__Exercise prompt__:
Wherever pictures appear in the listing below, leave them out, and copy exactly, and only, everything from the line with "这个修士来自未来韩漫全集-078 异星小队败亡无删减无遮挡章节图片" down to the line with "湯の花茶屋（新左衛門の湯） - 山形市その他（そば）の写真".

__Supplied records__:
-- Opening Marker --

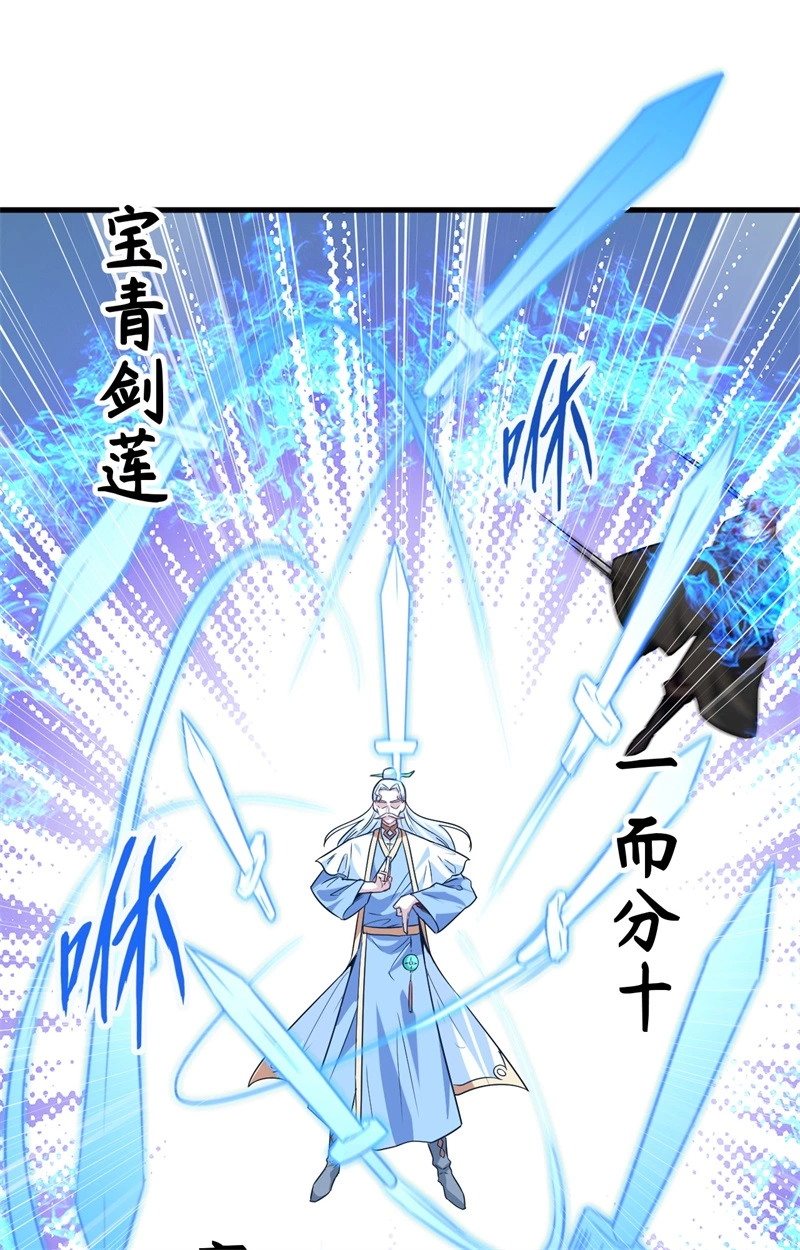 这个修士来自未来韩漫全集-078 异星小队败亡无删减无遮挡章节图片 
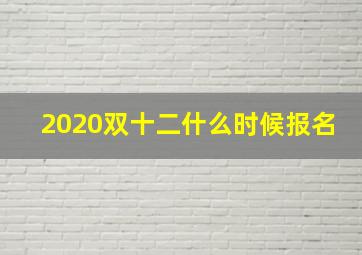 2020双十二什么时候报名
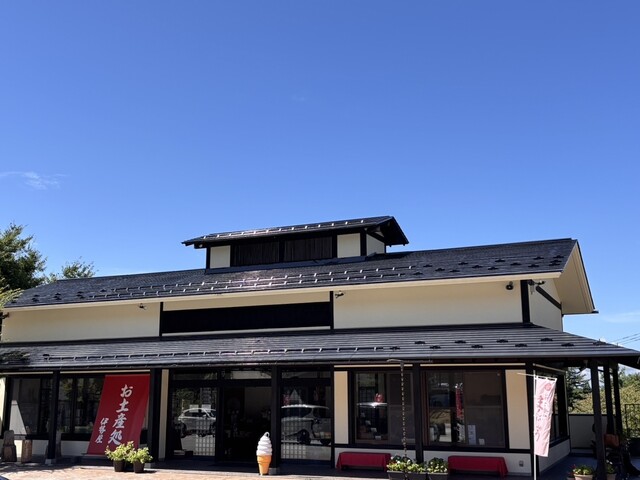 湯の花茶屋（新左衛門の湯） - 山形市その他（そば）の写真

-- Closing Marker --
-- Opening Marker --

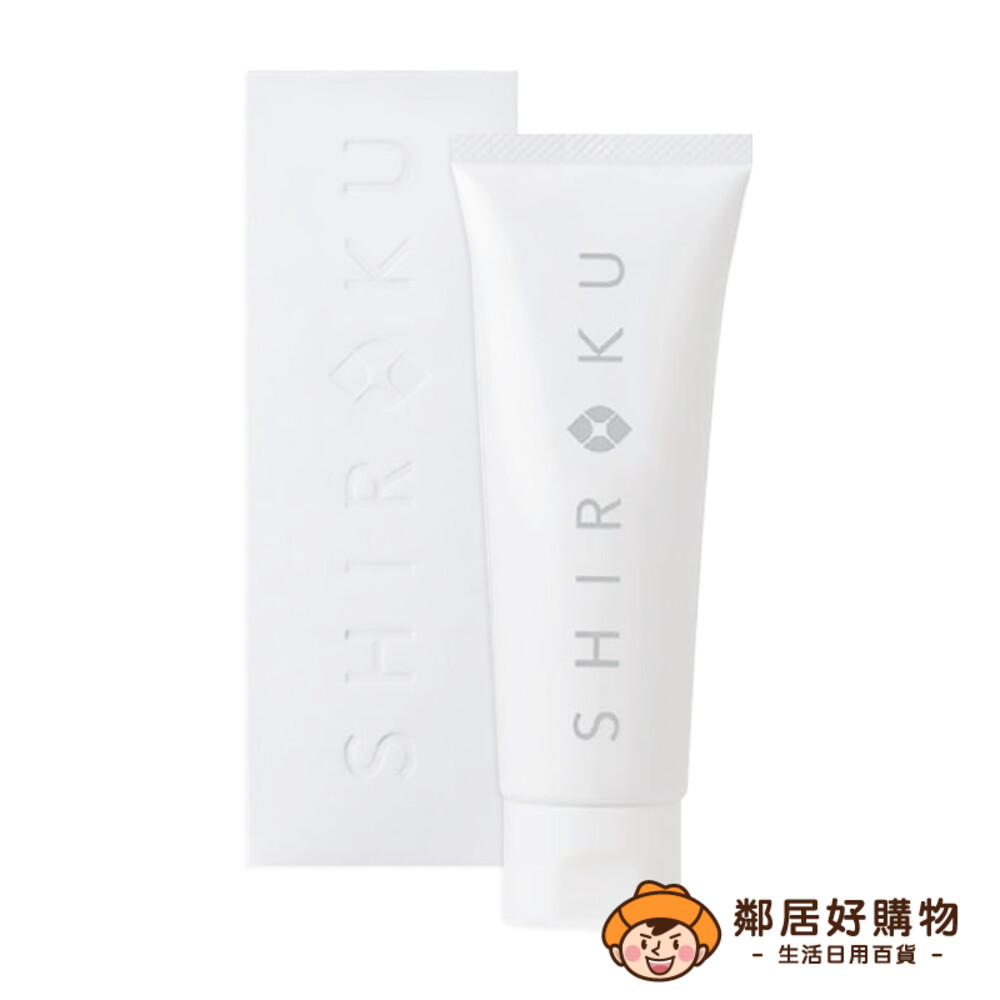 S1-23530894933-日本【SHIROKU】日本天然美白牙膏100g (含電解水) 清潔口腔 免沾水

-- Closing Marker --
-- Opening Marker --

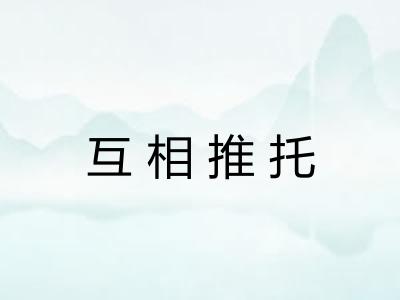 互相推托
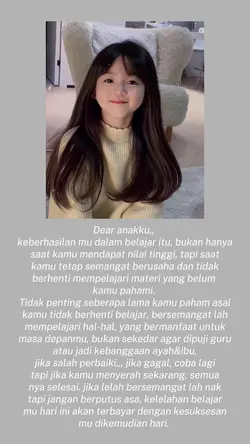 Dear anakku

-- Closing Marker --

__Task result__:
 这个修士来自未来韩漫全集-078 异星小队败亡无删减无遮挡章节图片 
 2020双十二什么时候报名
 湯の花茶屋（新左衛門の湯） - 山形市その他（そば）の写真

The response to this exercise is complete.